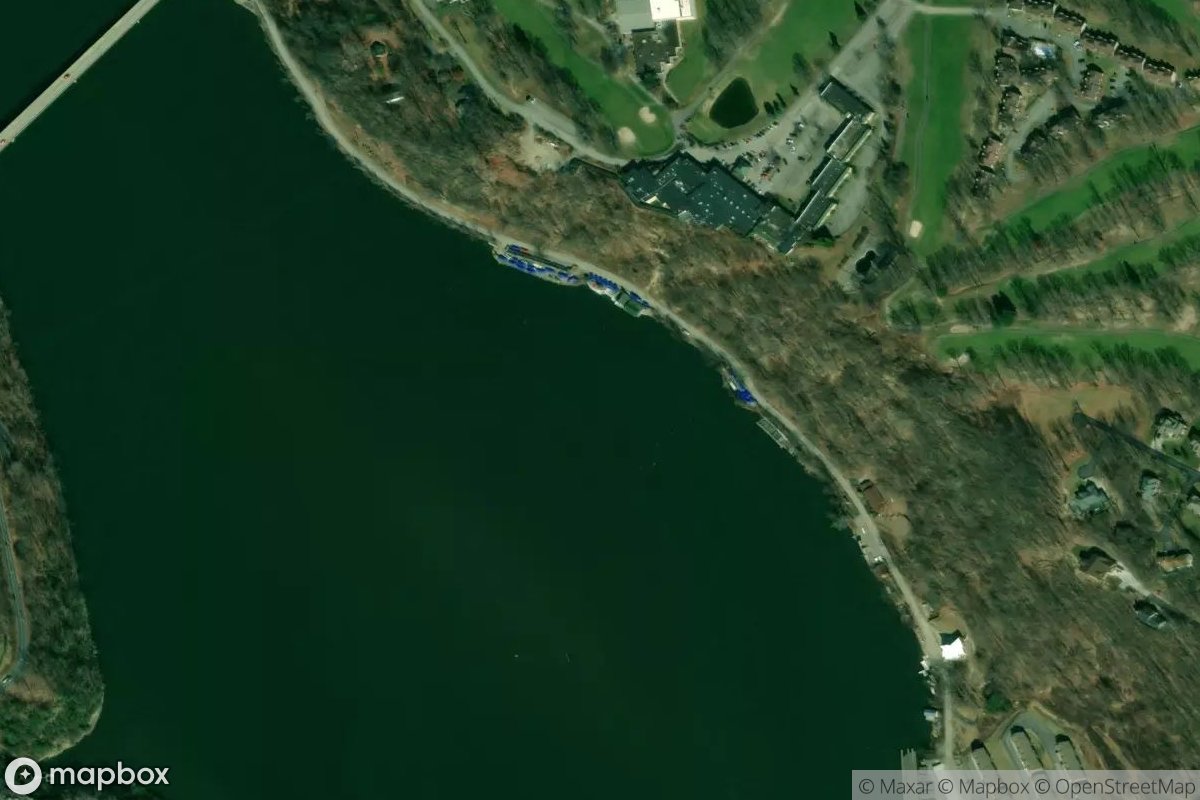 Satellite view of Edgewater Marina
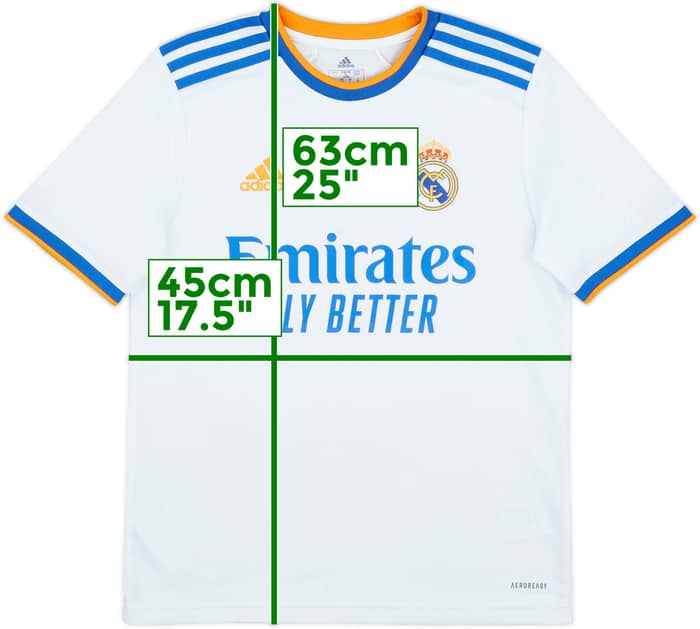 2021-22 Real Madrid Home Shirt - 7/10 - (L.Boys)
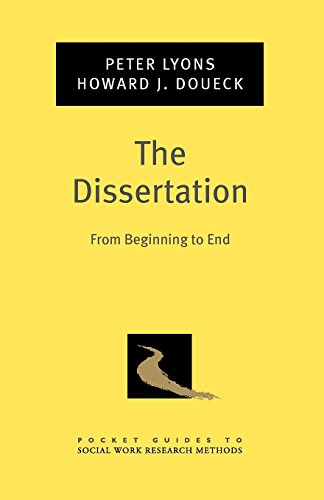 The Dissertation From Beginning to End [Paperback]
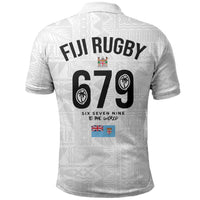 Fijian Rugby Polo Shirt Six Seven Nine to The World - Tapa Pattern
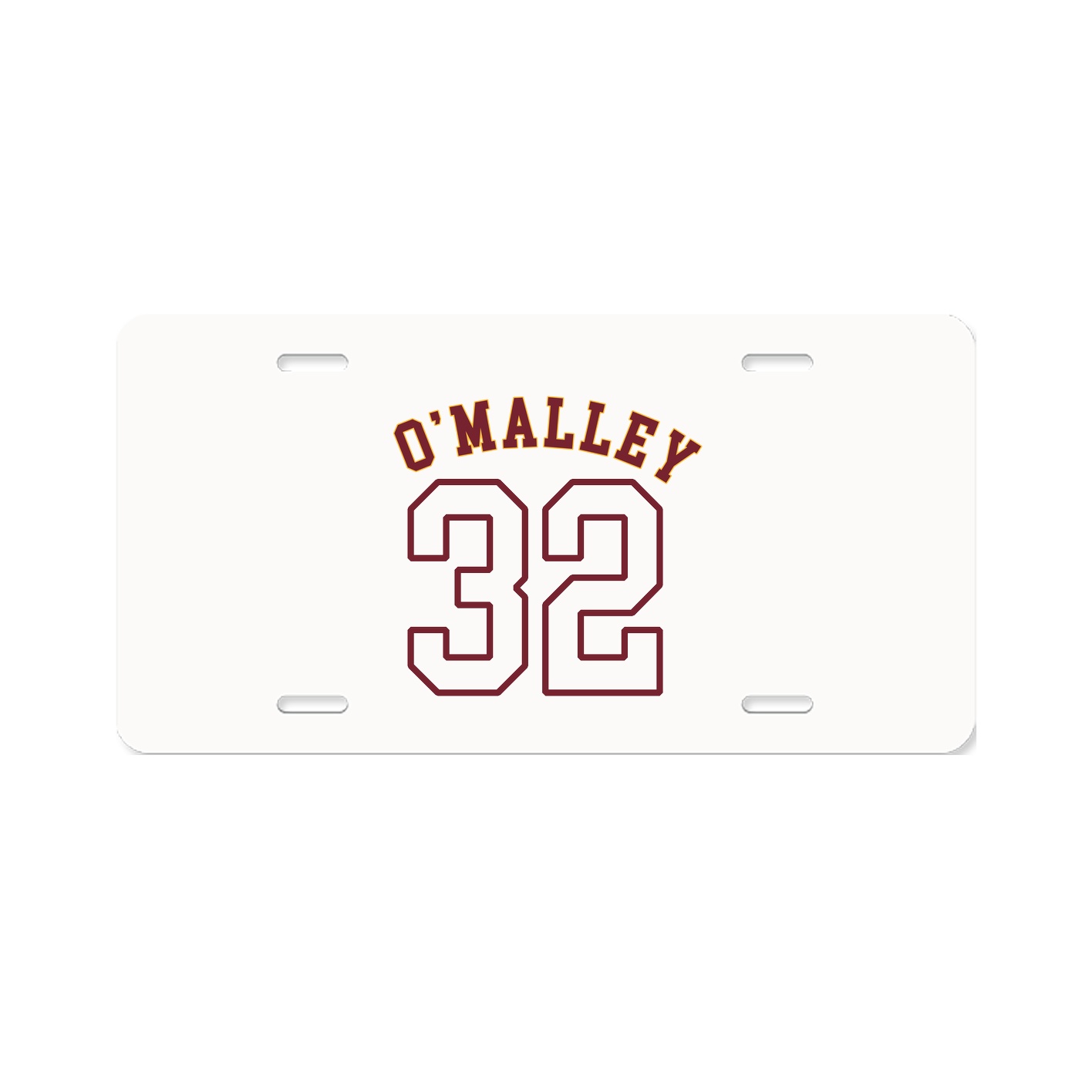 License Plate — Shirsey Arch in Classic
■ ■ ■ ■ ■
Problem requirements:
Would you transcribe each of the entries exactly, skipping the pictures?

Task answer:
 Satellite view of Edgewater Marina
 2021-22 Real Madrid Home Shirt - 7/10 - (L.Boys)
 The Dissertation From Beginning to End [Paperback]
 Fijian Rugby Polo Shirt Six Seven Nine to The World - Tapa Pattern
 License Plate — Shirsey Arch in Classic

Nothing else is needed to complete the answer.